Why exchanges collapse during high volume

User avatar
Steve Sokolowski
Posts: 3114
Joined: Wed Aug 27, 2014 3:27 pm
Location: State College, PA
Contact:

Why exchanges collapse during high volume

Postby Steve Sokolowski » Thu Jun 15, 2017 5:59 pm

The cryptocurrency industry is collapsing under the recent media attention. As people flood trading sites, join mining pools, and start new projects, the infrastructure has grown more fragile than many people believe. In this post, I'll propose an explanation that the bubble cycle stems, in part, from rational decisions made by businesses informed by market forces.
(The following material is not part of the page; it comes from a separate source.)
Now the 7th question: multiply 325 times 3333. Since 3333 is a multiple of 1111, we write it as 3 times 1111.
It's no secret that businesses in general, and exchanges in particular, are reaching their breaking points. Coinbase, one of the leading exchanges, is so overloaded with customer service requests that I have not heard of a single person receiving a reply from a support ticket at all. This cost them tens of thousands of dollars in potential business from our customers alone, solely because they couldn't reply to an E-Mail. Poloniex recently added 12 servers to handle increased load on its servers, and issued a warning to traders that they may not be able to retain service quality in the future. Novaexchange disabled its API during one period of high volume, which led to our diverting $100,000 of trades to another site.

The networks themselves are completely unprepared for the demand. Bitcoin is useless, with people unable to afford using it anymore and our payout thresholds 250 times higher than they were just 6 months ago. Ethereum, while poised to grow its blocksizes slowly due to its superior design, currently finds itself limited during initial coin offerings. Litecoin has seen a dramatic increase in people paying transaction fees, which were close to zero until recently. Networks like Gamecredits and Bitconnectcoins see large blocks regularly.
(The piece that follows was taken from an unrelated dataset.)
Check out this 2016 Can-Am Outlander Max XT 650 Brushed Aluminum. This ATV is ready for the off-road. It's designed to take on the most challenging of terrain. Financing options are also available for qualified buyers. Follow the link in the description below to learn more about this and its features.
In our case, we first encountered performance issues in November 2014, when database triggers imposed a 6GH/s capacity limit on the pool. Through strategies like removing the triggers, parallelizing operations, rethinking coin assignment algorithms, and reducing the amount of data that is stored, we have been able to increase performance by a factor of 170x to today's theoretical 1.05TH/s limit. I suspect that if we rewrote this code in C++ and performed additional parallelization over a few years, we could improve performance up to at least 10,000x the original system. At our current rate of effort, however, we won't reach that capacity for years, and therefore every time we spend another two weeks improving performance, more hashrate appears and the system is struggling again.

Some customers have questioned why we haven't added new features in a long time and why 80% of our time is spent improving performance. There are two causes that are applicable across the entire industry and which should be discussed independently: performance improvements cause bugs, and there is too much uncertainty caused by the blocksize debate to invest more effort.
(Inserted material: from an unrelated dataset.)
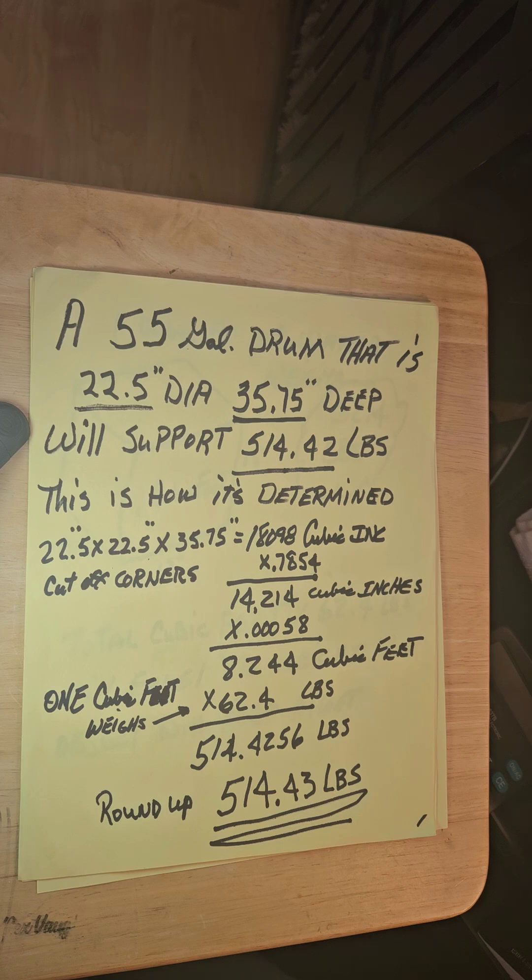A 55-gallon drum that is approximately 22 and a half inch diameter by 35 and three-quarter inches deep will support 514.42 pounds. This is how it's determined: diameter times diameter times 35.75 inches deep equals 18,098 cubic inches. Cut the corners off — times 0.7854 — and you wind up with 14,214 cubic inches.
On the technical side, the most important reason that performance improvements are problematic is because they always cause bugs, and the bugs in mining are particularly difficult to predict. In most software, bug testing is relatively simple: you write automated tests that run every time you make changes, and add tests every time you add a new feature. These tests will identify problems with the code before a release. Some testing also involves users trying out features in the software, but usually this is in a controlled environment. Games are more difficult to test, but with games it is still possible to spend a small amount and buy a number of different computers to see whether different system configurations affect the software.

In cryptocurrency, there are some features that are impossible to test outside of production. For example, one can find a block on the litecoin testnet, but you never really know whether the code is right until a block is found on the production network. Most of the time, a few initial blocks are lost, at a cost of $800 each, due to an unforeseen circumstance. When we start SHA-256 mining, we expect that the first bitcoin block will be lost, at an enormous cost, because you can't test finding main network blocks. In fact, when Segregated Witness went live on the Litecoin network, I'm told that a bug caused one of the largest mining pools to orphan many blocks.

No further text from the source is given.